Les nouveaux établissements publics portuaires d’outre-mer vont pouvoir conclure des conventions de terminal dans les parties non concédées du port. À l’expiration ou à la suite de la résiliation des concessions, de tels contrats pourront être conclus, mais les grands ports maritimes pourront opter pour d’autres régimes domaniaux, comme la convention d’occupation temporaire du domaine public, l’autorisation d’outillage privé avec obligation de service public, voire la concession.

La poursuite des contrats en cours

Le changement de statut d’un port n’a pas pour effet de rendre caducs les engagements en cours. Les contrats conclus par l’État pour l’aménagement des ports de Fort-de-France, Dégrad-des-Cannes et Port Réunion ou par le Port autonome de la Guadeloupe sont transférés de plein droit aux nouveaux établissements portuaires.

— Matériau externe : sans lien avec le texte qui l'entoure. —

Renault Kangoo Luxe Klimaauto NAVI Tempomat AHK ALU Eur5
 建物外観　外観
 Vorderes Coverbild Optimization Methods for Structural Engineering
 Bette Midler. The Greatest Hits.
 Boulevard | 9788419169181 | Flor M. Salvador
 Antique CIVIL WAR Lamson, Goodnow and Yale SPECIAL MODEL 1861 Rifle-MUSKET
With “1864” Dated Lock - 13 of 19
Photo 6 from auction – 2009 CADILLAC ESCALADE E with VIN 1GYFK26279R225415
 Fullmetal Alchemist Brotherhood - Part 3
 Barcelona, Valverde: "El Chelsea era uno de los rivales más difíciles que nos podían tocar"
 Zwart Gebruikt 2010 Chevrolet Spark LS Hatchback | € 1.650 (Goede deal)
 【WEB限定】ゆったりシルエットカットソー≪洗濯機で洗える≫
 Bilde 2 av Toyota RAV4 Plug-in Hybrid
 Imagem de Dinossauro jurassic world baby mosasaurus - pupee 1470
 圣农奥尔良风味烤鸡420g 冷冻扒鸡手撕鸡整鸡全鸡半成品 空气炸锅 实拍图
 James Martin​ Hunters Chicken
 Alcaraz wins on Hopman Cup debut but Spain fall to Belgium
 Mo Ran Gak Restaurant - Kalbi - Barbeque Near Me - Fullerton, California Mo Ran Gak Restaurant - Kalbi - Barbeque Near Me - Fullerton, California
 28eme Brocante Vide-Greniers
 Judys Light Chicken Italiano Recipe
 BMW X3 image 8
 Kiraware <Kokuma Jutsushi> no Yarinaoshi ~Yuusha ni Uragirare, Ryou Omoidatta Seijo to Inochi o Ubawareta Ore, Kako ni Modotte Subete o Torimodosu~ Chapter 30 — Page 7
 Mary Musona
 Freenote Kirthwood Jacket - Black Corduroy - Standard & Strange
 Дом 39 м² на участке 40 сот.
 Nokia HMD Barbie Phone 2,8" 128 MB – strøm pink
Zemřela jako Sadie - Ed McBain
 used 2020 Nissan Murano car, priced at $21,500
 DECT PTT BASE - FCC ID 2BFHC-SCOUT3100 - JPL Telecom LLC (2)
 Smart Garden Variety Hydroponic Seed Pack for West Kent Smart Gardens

Sur le plan social, si le personnel du port autonome de la Guadeloupe demeure soumis aux mêmes règles, en revanche, le personnel de l’État détaché auprès d’un grand port maritime est soumis aux règles du détachement, c’est-à-dire qu’il relève du régime du droit du travail, comme les salariés de droit privé, sous réserve de quelques exceptions prévues par le statut général de la fonction publique de l’État.

L’association des collectivités territoriales

Le législateur a voulu associer plus étroitement qu’en métropole les collectivités territoriales pour la gestion des Grands ports maritimes d’outre-mer. C’est ainsi que les personnalités qualifiées sont nommées par l’État après avis des collectivités territoriales et de leurs groupements dont une partie du territoire est située dans la circonscription du port, parmi lesquelles trois représentants élus de la chambre de commerce et d’industrie territorialement compétente et un représentant du monde économique. Il convient toutefois de remarquer que cet avis ne donne pas lieu à « compétence liée » pour l’État, c’est-à-dire que celui-ci n’est pas tenu de suivre le sens de l’avis qui est ainsi donné.

Cette collaboration avec les collectivités territoires a cependant une limite. La loi se borne en effet à prescrire que « la composition du conseil de coordination interportuaire, les modalités de désignation de ses membres, ses règles de fonctionnement et les conditions d’élaboration du document de coordination sont déterminées par décret ». La concertation n’est pas envisagée à ce niveau. De plus, on peut s’interroger sur le point de savoir si les décisions de ce conseil ne vont pas restreindre les compétences des grands ports maritimes dans le choix de leurs investissements ou de leur politique tarifaire.

Réellement autonome?

La loi confère de larges pouvoirs au gouvernement pour définir, par décrets, les conditions et modalités d’adaptation du code des transports se rapportant aux Grands ports maritimes d’outre-mer. Même si la notion d’autonomie n’est pas mentionnée dans le texte, il conviendrait que le pouvoir d’administration des ports soit réellement assuré au niveau local. N’est-ce pas ce qui existe légalement, certes à une autre échelle, pour les ports de Galisbay et de Gustavia?